Reuters
Reuters

In Ethiopia, prime minister’s words, actions not in step

This week, in an exclusive interview with the Financial Times, Ethiopian Prime Minister Meles Zenawi suggested that the press in his country freely expresses dissent. In fact, that is hardly the case. The Horn of Africa nation remains one of the world’s worst backsliders of press freedom.

Asked whether a series of recent arrests of political dissidents and legislation on civil society organizations and terrorism had “contributed to an atmosphere where people do not feel free to speak,” the prime minister responded: “Have you read the local newspapers? Do they mince their words about government?”

A multitude of private, political newspapers filled the newsstands in the capital, Addis Ababa–until November 2005. Then, in the midst of deadly unrest following disputed elections, authorities imprisoned the editors of these publications on antistate charges, blaming the violence on their headlines. The government either banned the titles or induced enough fear that printers were dissuaded from printing the newspapers.

When I put the prime minister’s response to Dawit Kebede, who launched the weekly Awramba Times after spending nine months in prison for his critical coverage in 2005, he chuckled softly. “The facts and his argument are totally opposite,” he said, citing self-censorship among the handful of authorized private newspapers venturing into current affairs coverage these days. “Before the 2005 elections, there were a lot of newspapers. Today, we can say there are may be two or three genuinely independent (political) newspapers for a population of 80 million.” Independent in this sense means media outlets not owned by the government or its supporters.

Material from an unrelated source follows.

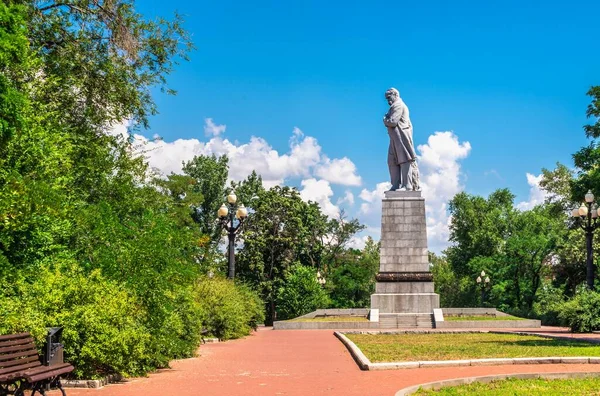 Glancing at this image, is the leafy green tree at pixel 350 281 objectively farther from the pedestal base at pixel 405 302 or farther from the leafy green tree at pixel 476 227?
the pedestal base at pixel 405 302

The comments of the prime minister (who, by the way, also told the Financial Times he wants to step down if his supporters will let him) are often out of step with his government’s actions. “I don’t think people have any qualms about criticizing the government or rejecting its policies, or expressing dissenting views in any way,” the business weekly Addis Fortune quoted him as saying in 2007. Yet, since then, the government has threatened, harassed, and imprisoned journalists, blocked the distribution of newspapers and access to Web sites. Speaking to Newsweek in April 2008, Zenawi said the government was enacting “a new press law that we very much hope will put our legislation on par with the best in the world.” Instead, the law was hastily passed with repressive statutes that fall well short of international standards.

In 2007, Zenawi declared that pardons issued to imprisoned journalists and dissidents showed the government had “no sense of revenge.” Its tolerance, though, is limited: The government has denied licenses to three publishers who were among those once imprisoned. 

Other independent journalists in Addis Ababa spoke to me on condition of anonymity for fear of government reprisals–a practice that has apparently become the norm for many of their sources. “If you want to interview a university lecturer (on a sensitive issue), one of the first things you hear is, ‘Don’t mention my name. I don’t want to say these things in public,'” according to one veteran reporter. “Always we say ‘person doesn’t want his name to be mentioned.’ It’s a challenge.” Another reporter told me that this practice has led some readers to doubt the credibility of stories in the newspapers. “The government always says they’re trying to be transparent and make a comfortable environment for media. Practically it’s not the case,” the veteran reporter said.